Short text fragments from websites

-- Opening Marker --

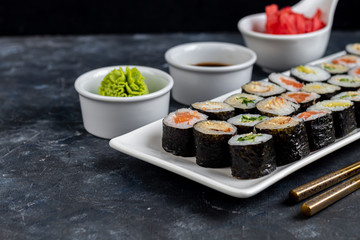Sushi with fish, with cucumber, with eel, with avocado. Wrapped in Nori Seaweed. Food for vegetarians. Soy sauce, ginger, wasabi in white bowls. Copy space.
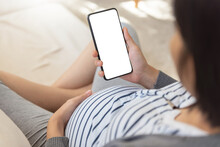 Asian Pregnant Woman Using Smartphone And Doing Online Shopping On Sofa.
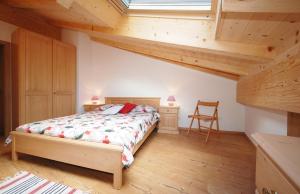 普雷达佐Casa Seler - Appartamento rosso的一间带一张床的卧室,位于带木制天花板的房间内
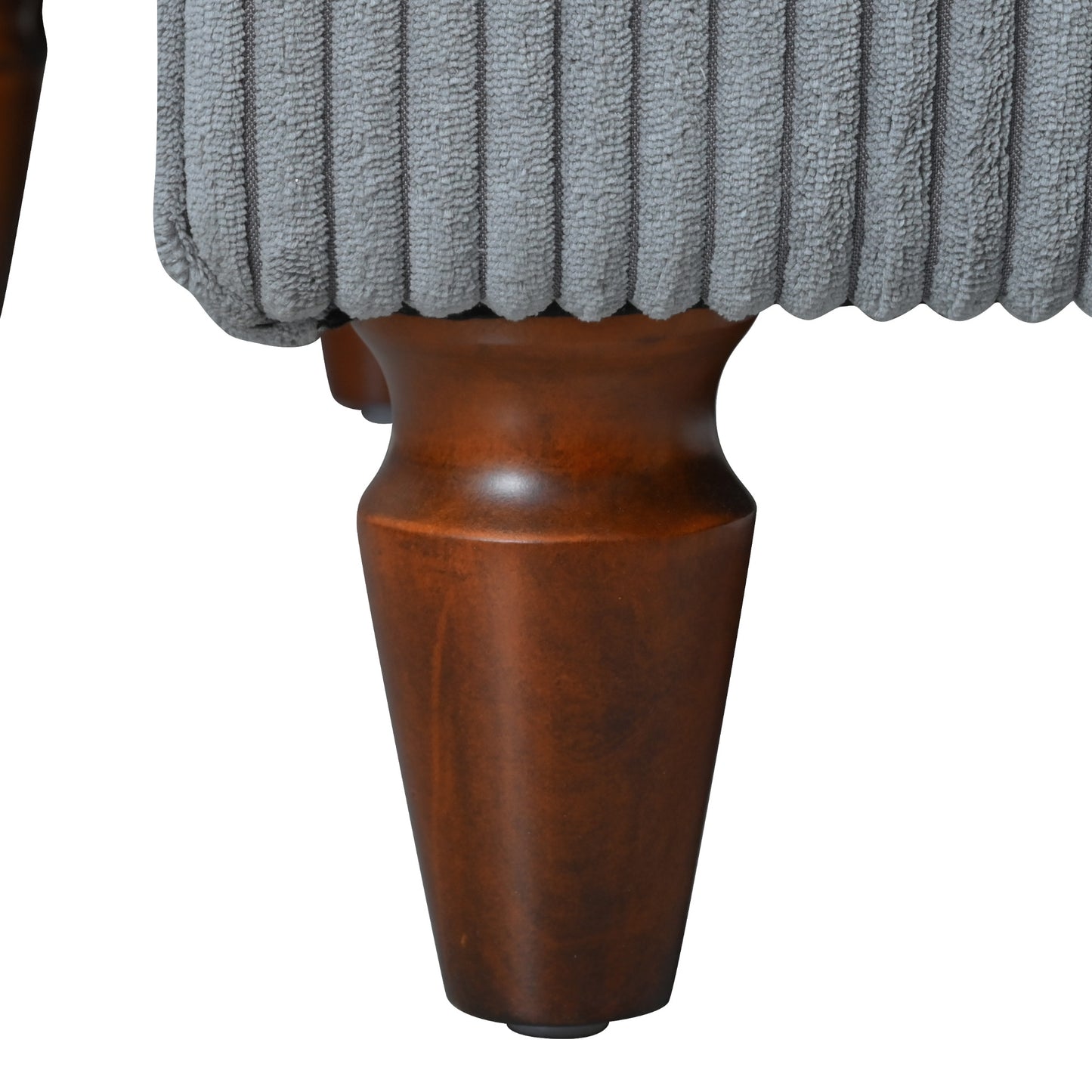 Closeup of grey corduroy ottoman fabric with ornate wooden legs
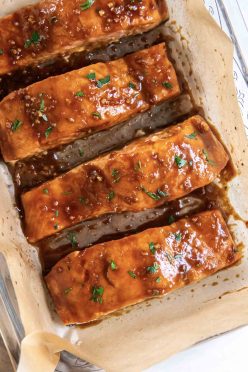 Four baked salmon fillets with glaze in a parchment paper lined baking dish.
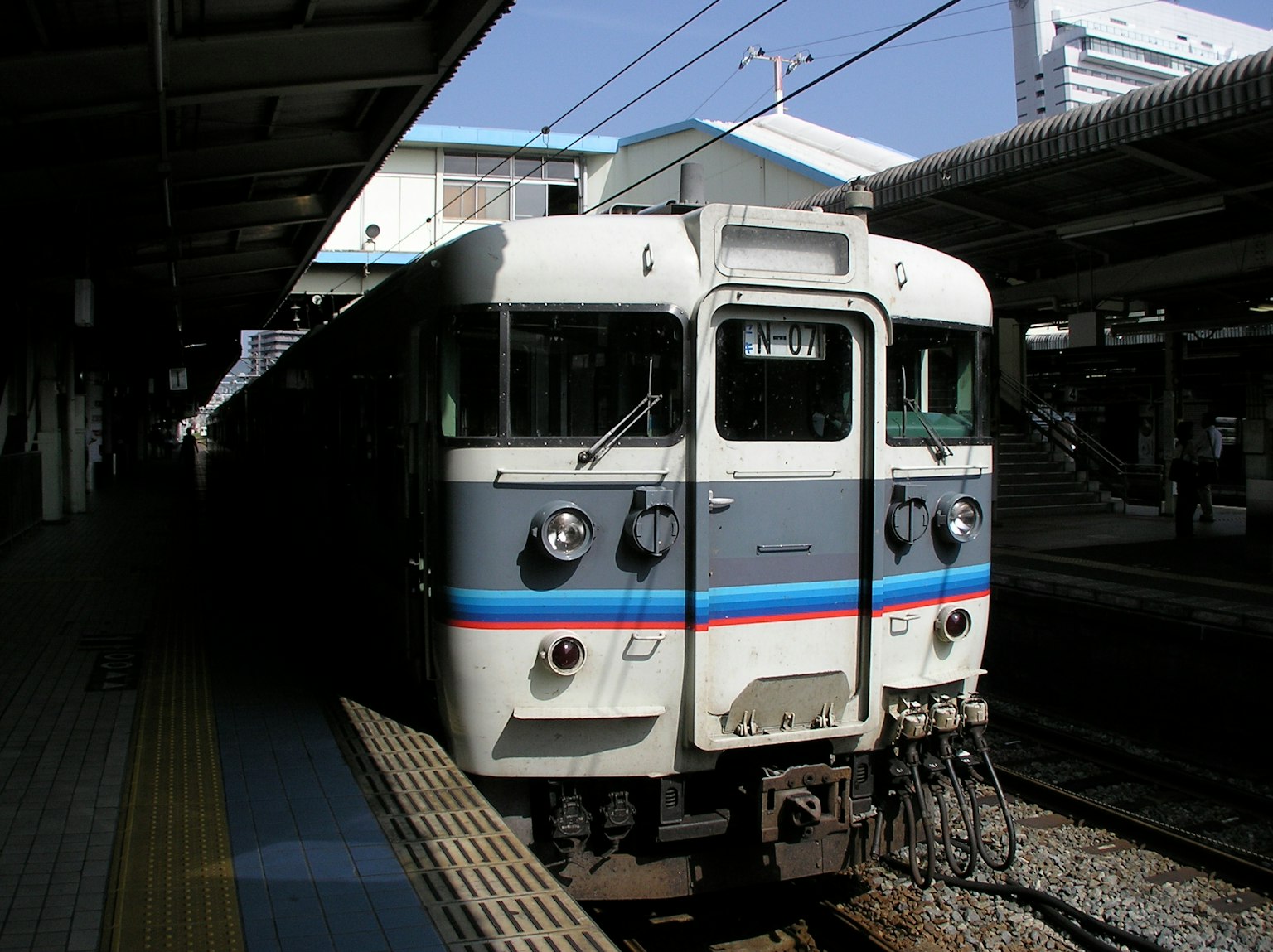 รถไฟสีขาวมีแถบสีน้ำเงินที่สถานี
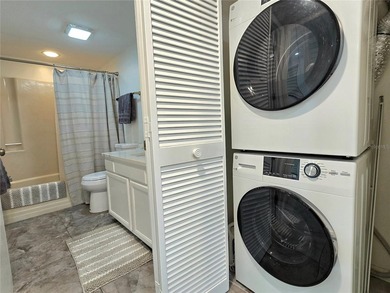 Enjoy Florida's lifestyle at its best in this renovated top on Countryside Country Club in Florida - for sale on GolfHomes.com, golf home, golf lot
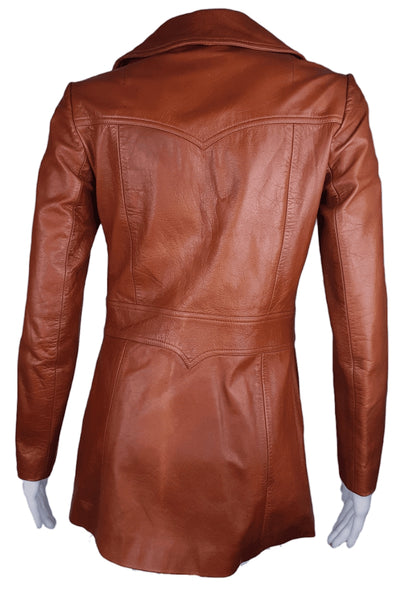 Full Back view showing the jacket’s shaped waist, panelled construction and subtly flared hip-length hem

-- Closing Marker --

(TASK TO CARRY OUT): Pictures are not part of the copy. Extract exactly the lines from the line containing "รถไฟสีขาวมีแถบสีน้ำเงินที่สถานี" through the final line of the entries above, both included.

(REPLY):
 รถไฟสีขาวมีแถบสีน้ำเงินที่สถานี
 Enjoy Florida's lifestyle at its best in this renovated top on Countryside Country Club in Florida - for sale on GolfHomes.com, golf home, golf lot
 Full Back view showing the jacket’s shaped waist, panelled construction and subtly flared hip-length hem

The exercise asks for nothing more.